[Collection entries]
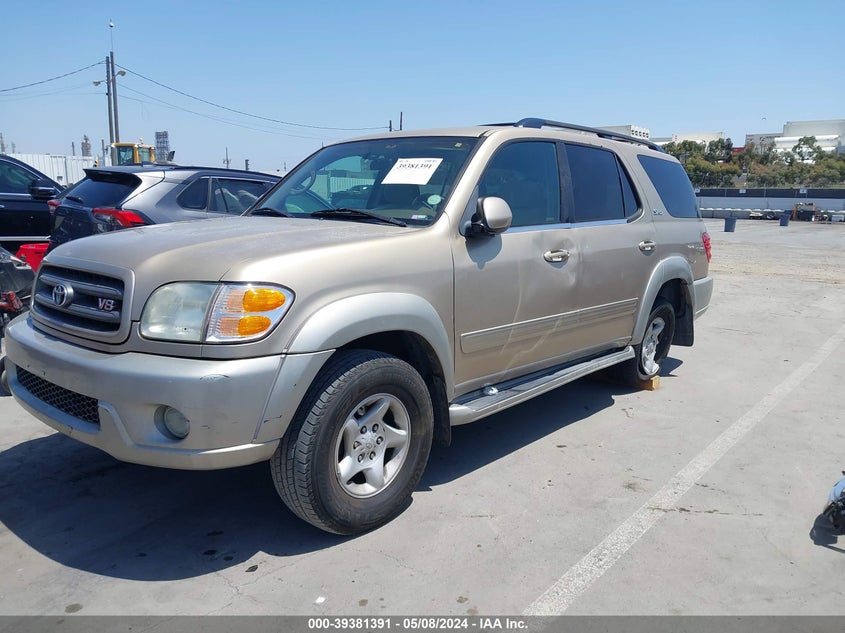 2002 Toyota Sequoia Sr5 V8 VIN: 5TDZT34A82S091554 Lot: 39381391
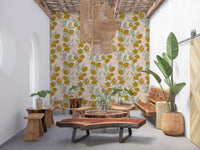 Relaxing seating space featuring the botanical Lemon Mediterranean wallpaper., GD9967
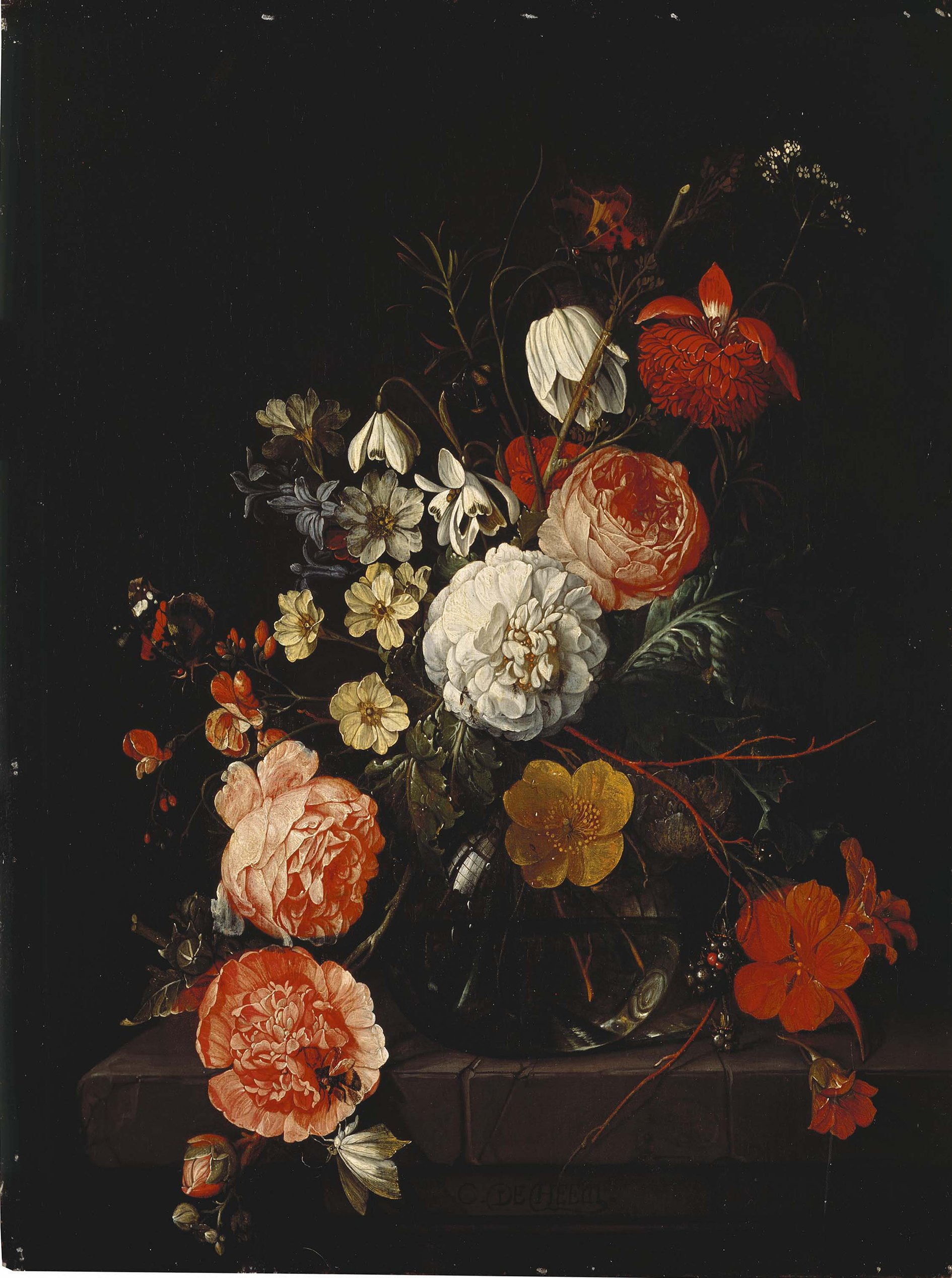 Cornelis Jansz. de Heem, Flores en un jarrón de cristal Cornelis Jansz. de Heem, Flores en un jarrón de cristal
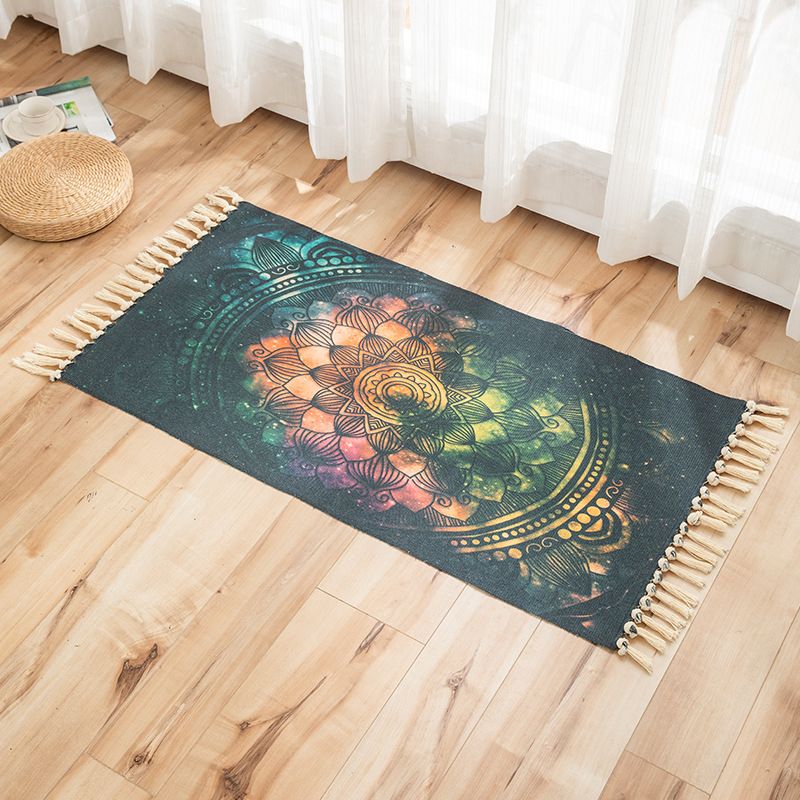Vivid Plant Knit Rug Multi Colored Modern Rug Synthetics Pet Friendly Carpet for Guest Room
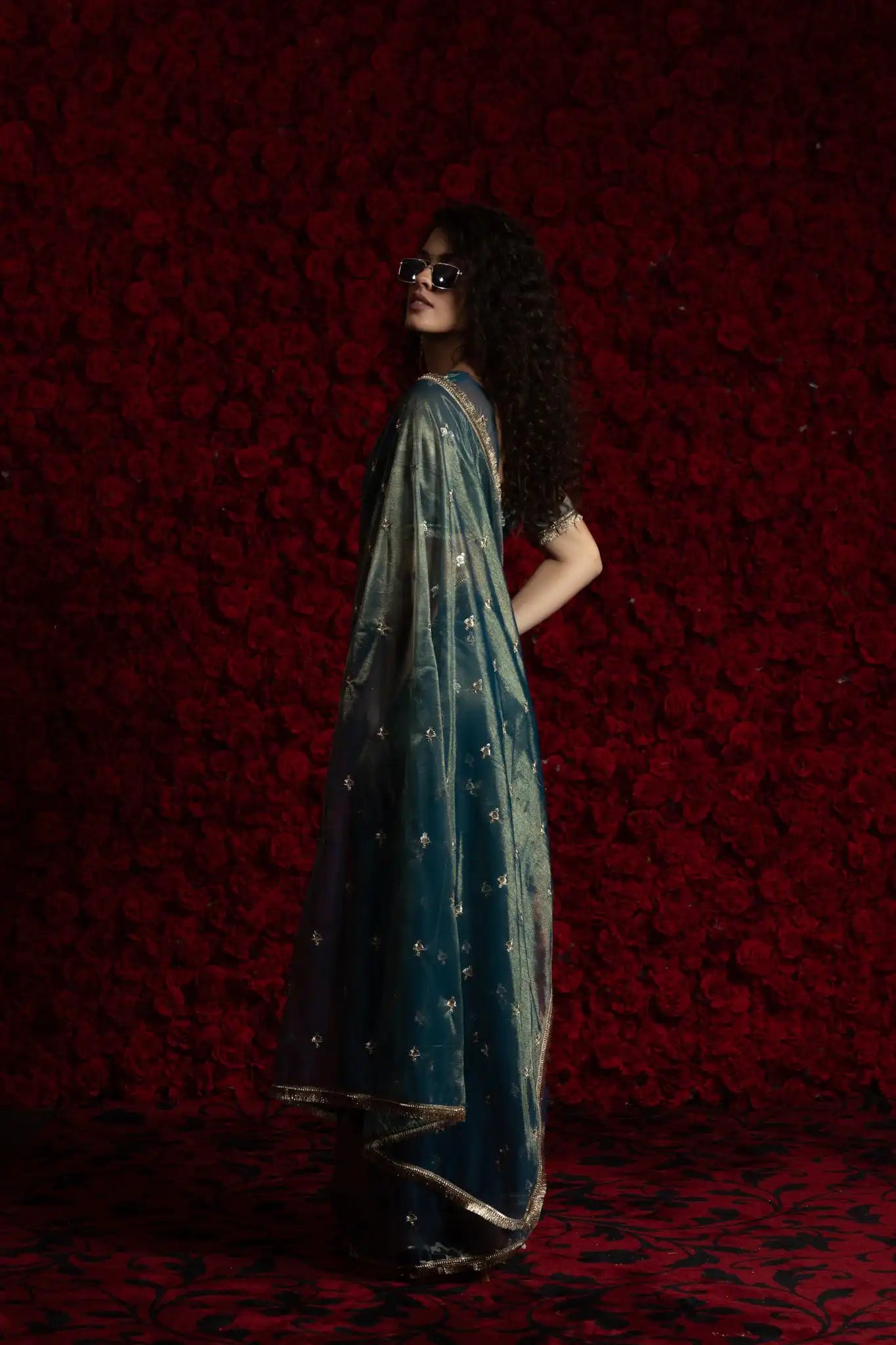 India Silk Luxury Teal Blue Silk Saree with Gold Embellishments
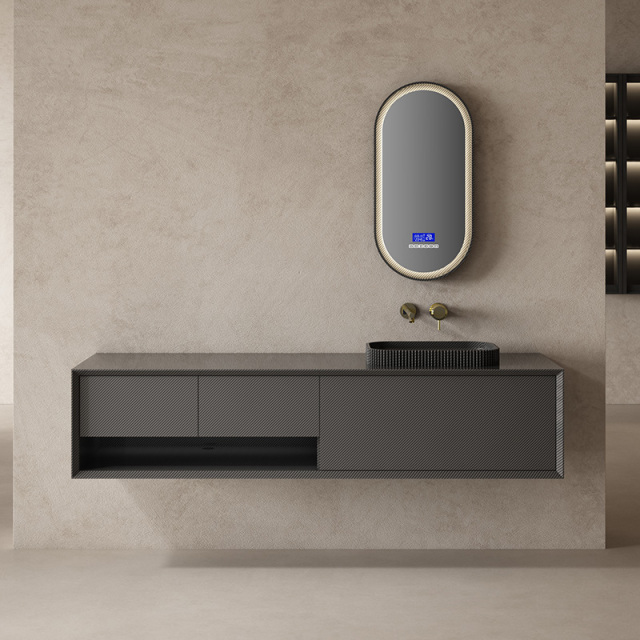 Wholesale High End Quality Carbon Fiber Wall Mounted Bathroom Cabinet Unit MC-V9996
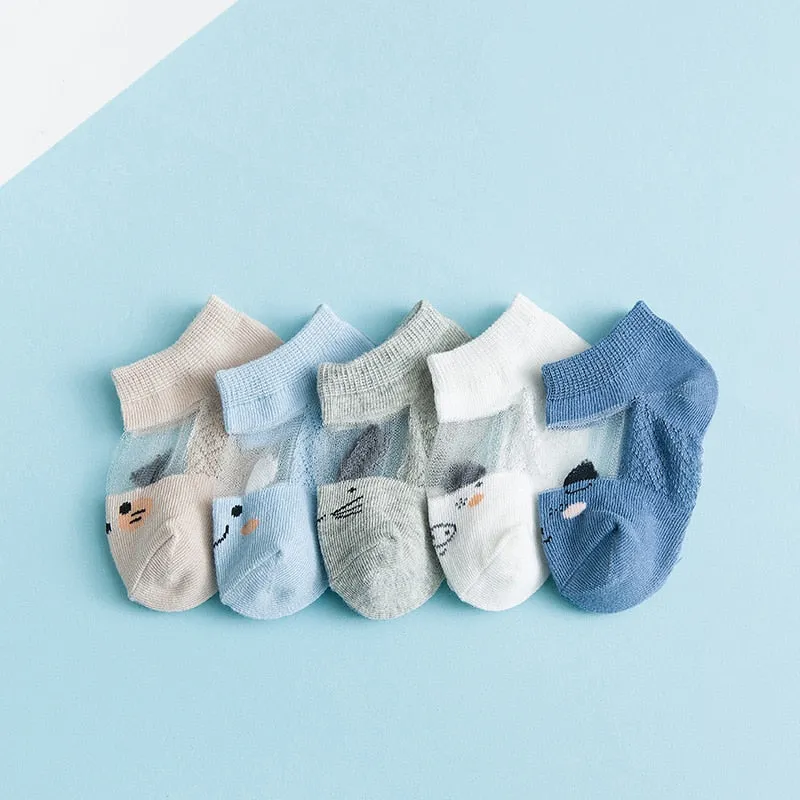 5 Pairs Thin Mesh Short Cute Socks For Babies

YOUR OBJECTIVE:
Above are the records; copy every one of them exactly and omit the images.

SOLUTION FOR THIS TASK:
 2002 Toyota Sequoia Sr5 V8 VIN: 5TDZT34A82S091554 Lot: 39381391
 Relaxing seating space featuring the botanical Lemon Mediterranean wallpaper., GD9967
 Cornelis Jansz. de Heem, Flores en un jarrón de cristal Cornelis Jansz. de Heem, Flores en un jarrón de cristal
Vivid Plant Knit Rug Multi Colored Modern Rug Synthetics Pet Friendly Carpet for Guest Room
 India Silk Luxury Teal Blue Silk Saree with Gold Embellishments
 Wholesale High End Quality Carbon Fiber Wall Mounted Bathroom Cabinet Unit MC-V9996
 5 Pairs Thin Mesh Short Cute Socks For Babies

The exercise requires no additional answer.